For some years now it has been known that many, if not all cancers can be divided into subtypes according to the genetic changes that occur during their development, and that different subtypes of the same tumour have different prognoses and respond to different drugs. This analysis is more highly developed in common cancers such as breast cancer – the most common form of the disease in women in developed countries – than in rare ones. Testing for HER2 over-expression as a predictor of the sensitivity of breast tumours to trastuzumab is now in routine clinical use. This, however, is only the tip of the iceberg: it should be possible to divide breast tumours into many more subtypes with different perturbations in signalling pathways, and to use this information to predict drug response.

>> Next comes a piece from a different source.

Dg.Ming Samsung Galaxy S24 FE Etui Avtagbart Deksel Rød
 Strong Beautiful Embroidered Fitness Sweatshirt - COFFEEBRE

The National Cancer Institute in the US uses a panel of sixty tumour cell lines to screen all potential anti-cancer drugs. This panel still contains relatively few lines representing each tumour type. To explore the relationship between pathway activation and potential drug response in breast cancer in more detail, a large group of researchers led by Joe Gray and Paul Spellman from Lawrence Berkeley National Laboratory, Berkeley, California, USA assembled a panel of about fifty different breast cancer cell lines. They showed using hierarchical consensus clustering of gene expression data that these cell lines modelled the tumour subtypes often referred to as luminal, basal and claudin-low (the basal and claudin-low subtypes having previously been known as basal A and basal B respectively). The researchers tested the sensitivity of each cell line to 77 FDA-approved and investigational anti-tumour drugs by measuring the GI50, or the concentration needed to inhibit cell growth by 50%, of each cell line with each compound.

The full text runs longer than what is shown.